Nadège Vanhee-Cybulski used the brand´s famous scarves patterns from the archive and transformed them into prints for silk shirts and dresses that are paired with high-waisted trousers, cashmere-knitted pieces, straight skirts with a split and tweed suits. The "commercially looking" yellow summer parka turns into pure lux due the use of double-face cashmere, while the leather is worked into open-work surfaces.

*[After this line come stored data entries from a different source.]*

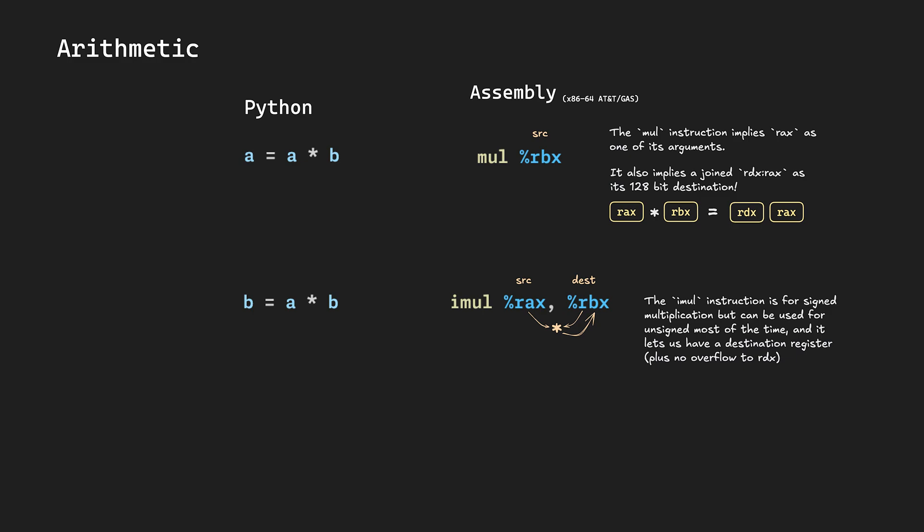If all of this is kind of annoying, you can also use imull. imull is for signed numbers, and it can take different numbers of arguments, and each different number of arguments can give you different behaviour, but for its two-argument form, you can use it for unsigned numbers too. Just make sure you check the reference if you're doing anything unusual.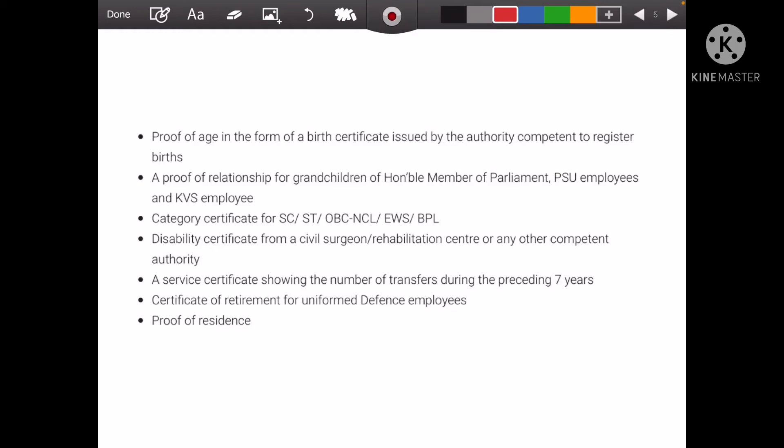If you have filled one or three options, and if you have three fills, you will have a number for admission. There will be a column where you can select your own category, so you can do that yourself.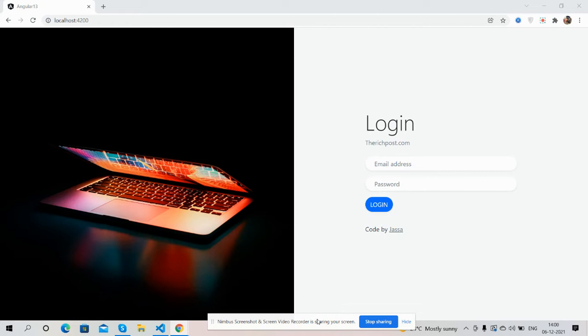And guys in this video we will do the submit section and get the form data, and after it we will send that form data to our Node.js backend and then we get token and authenticate user as well.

Normally the (not so anymore) hidden meaning of pre-collection is in their commercial good effort, as they are normally the money-maker for the brand. Not that Hermès one, that is actually their debut one in terms of official showcase, isn´t that way sell-able, but definitely much, much less accessible to a larger customer circle, compared to other high-end brands. They even don´t make a big differences in terms of garments design between regular show-collections and pre-collections, because normally the show- pieces take care of the image of each house, while the in-between are the sellable ones. Whatever comes from Hermès is a silent-lux piece, made impeccable and has that casual easy, but with a quite higher price-tag on. Why? It´s a part of their image-tactic, made possible mostly thankfully to their leather bags and accessories. Just mind their "Kelly and "Birkin", how many people craves after them and how much they are still a status-symbol for many, then you will get the answer.